In the early 80s, when the reference was even more tenuous - maybe they thought he was imitating Gabe Kaplan - but still part of the cultural vocabulary:

 

 

What we have here are kids who are actually waggling cigars.

The old ladies enjoying a pickle, which allows them to express their still-vital interior life in a manner contrary to their exterior image, seems to be a pickle-ad constant, as if the briny snap of the pickle reinforces and contradicts their aged selves:

 

 

That’s Ruth McDevitt, who did a lot of radio. You may remember her as the lady in the bird store in Hitchcock’s avian-related thriller. Anyway: why a stork? Wikipedi on Vlasic:

A child-bearing stork was introduced as a mascot in the late 1960s, merging the stork baby mythology with the notion that pregnant women have an above average appetite for pickles. Vlasic marketed themselves as "the pickle pregnant women crave . . . after all, who's a better pickle expert?"
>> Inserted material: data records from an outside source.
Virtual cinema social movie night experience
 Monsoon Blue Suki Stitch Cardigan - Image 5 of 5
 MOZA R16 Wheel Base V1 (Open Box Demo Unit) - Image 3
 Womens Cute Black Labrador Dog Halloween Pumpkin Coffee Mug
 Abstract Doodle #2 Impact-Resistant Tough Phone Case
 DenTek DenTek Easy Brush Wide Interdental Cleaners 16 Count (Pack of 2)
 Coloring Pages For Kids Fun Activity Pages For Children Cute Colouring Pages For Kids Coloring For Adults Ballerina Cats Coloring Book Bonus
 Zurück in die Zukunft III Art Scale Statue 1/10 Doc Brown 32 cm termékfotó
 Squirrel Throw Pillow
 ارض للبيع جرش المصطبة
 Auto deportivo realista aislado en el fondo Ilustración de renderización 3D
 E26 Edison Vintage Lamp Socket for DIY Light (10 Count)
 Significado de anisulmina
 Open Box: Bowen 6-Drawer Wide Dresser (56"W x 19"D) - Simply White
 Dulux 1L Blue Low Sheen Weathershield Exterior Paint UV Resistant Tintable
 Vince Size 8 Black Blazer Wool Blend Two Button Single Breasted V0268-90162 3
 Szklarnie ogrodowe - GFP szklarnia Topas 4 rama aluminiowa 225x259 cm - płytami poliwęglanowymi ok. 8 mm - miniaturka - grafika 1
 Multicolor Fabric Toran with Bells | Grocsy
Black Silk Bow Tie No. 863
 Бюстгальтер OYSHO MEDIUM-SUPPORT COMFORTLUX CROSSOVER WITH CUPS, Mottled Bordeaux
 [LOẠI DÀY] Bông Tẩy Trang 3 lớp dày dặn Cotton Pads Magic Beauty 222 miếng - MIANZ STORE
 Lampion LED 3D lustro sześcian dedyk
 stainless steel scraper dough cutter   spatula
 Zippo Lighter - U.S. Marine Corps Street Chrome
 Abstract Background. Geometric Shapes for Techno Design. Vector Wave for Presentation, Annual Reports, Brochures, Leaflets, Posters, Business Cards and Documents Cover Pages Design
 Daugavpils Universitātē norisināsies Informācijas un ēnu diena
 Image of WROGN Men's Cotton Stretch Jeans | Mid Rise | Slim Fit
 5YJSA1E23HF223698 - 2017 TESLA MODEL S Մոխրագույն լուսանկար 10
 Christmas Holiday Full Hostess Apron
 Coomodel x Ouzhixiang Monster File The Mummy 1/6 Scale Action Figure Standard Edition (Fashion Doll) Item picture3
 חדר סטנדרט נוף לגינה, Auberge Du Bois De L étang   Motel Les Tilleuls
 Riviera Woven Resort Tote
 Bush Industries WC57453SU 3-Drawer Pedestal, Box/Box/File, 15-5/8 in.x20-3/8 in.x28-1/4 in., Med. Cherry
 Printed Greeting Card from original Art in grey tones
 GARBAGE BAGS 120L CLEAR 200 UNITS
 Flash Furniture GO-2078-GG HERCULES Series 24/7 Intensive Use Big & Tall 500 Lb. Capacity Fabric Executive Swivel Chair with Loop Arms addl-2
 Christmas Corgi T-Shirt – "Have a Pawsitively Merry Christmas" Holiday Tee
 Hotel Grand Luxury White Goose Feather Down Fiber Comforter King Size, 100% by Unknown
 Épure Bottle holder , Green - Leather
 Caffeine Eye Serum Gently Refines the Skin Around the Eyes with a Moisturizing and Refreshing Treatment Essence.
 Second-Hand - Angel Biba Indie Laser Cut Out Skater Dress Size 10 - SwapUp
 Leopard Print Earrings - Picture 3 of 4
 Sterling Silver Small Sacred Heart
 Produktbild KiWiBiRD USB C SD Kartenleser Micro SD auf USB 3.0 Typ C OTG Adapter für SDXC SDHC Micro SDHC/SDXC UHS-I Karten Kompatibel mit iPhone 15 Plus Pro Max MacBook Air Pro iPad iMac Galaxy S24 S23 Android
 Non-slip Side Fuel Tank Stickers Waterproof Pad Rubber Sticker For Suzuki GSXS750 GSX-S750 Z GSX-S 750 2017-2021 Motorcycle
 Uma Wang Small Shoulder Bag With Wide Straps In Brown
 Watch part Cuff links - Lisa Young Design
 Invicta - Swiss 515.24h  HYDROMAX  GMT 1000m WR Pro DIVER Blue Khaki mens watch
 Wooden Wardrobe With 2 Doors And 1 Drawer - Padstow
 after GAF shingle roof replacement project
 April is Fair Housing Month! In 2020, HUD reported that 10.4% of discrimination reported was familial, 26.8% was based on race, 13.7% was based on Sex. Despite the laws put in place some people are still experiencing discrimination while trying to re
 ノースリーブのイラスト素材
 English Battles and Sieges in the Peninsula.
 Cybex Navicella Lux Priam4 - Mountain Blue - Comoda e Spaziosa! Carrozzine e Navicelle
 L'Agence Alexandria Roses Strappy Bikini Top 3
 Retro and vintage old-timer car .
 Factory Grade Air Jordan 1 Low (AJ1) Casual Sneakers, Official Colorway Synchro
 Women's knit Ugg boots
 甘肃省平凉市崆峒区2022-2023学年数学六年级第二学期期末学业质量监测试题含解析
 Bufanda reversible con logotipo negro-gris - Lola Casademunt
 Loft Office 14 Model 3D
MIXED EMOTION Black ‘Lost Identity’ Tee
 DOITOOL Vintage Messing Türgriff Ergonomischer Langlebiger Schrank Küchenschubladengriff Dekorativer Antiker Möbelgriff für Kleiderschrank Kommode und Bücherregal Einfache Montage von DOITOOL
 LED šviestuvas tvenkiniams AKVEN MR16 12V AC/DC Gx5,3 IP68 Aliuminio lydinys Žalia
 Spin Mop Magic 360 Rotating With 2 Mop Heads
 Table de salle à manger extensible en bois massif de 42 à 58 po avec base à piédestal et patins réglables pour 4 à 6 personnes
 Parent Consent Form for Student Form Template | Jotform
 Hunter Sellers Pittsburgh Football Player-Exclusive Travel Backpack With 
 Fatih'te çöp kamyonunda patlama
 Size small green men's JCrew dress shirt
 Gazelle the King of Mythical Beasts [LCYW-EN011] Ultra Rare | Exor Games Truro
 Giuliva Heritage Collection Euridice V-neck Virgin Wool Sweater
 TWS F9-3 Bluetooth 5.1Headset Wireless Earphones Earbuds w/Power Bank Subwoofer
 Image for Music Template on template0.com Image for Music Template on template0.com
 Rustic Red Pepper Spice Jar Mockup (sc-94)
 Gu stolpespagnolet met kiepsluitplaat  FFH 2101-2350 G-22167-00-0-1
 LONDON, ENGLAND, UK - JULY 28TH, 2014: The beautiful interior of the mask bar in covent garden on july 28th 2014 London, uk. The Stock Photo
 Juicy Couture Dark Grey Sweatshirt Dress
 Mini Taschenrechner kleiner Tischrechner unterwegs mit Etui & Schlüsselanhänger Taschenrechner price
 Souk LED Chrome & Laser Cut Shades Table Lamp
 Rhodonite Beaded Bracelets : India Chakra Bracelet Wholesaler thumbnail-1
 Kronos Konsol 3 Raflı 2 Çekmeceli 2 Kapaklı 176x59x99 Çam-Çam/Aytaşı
The voice was Doug Preis, who also did Lucky the Leprechaun.

You do get the reference, don’t you? Did you get a smile at the phrase “why a stork?” Then there’s hope.

 

 

 

   

 

Now, the Cues! Do I have to explain? Fine. As I say every week: if you're just joining the Listen project, it includes a selection of music cues gleaned from "The Couple Next Door." Library music the producers dropped in to get them in and out of scenes. It's the background soundtrack for mid-century life. Many more can be found here.

Some of these are familiar - after a while, they're all familiar, but minor differences suggest they're the same idea extended, shortened, and reworked, so they could be used in a variety of circumstances. But every week I find something new. This week was no exception.

I mentioned “Big Town,” a radio serial turned into a movie that appeared on the marquee in the movie discussed on Monday’s “Black and White World” section. I mentioned it contained some horrible acting. I am hear to prove it. The hero, the square-jawed intrepid humorless crusading reporter, is talking to another radio cliche, the gabby cabby. These guys were all over the place what with their colloquial dialogue what tends towards the discursive, speaking without contraction if they are of the Runyanesque sort. The cabby here was played by Mason Reese, who’d later have a career in commercials, TV, and of course “Lou Grant.” He really chews this one up. It’s almost a parody, right down to naming his cab after a girl.

 

 

A lot of old radio was like this. A lot. Yes, the city was called Big Town. Good Lord.

But there was also the clever stuff, as with any medium, which brings us back to The Couple Next Door music cues.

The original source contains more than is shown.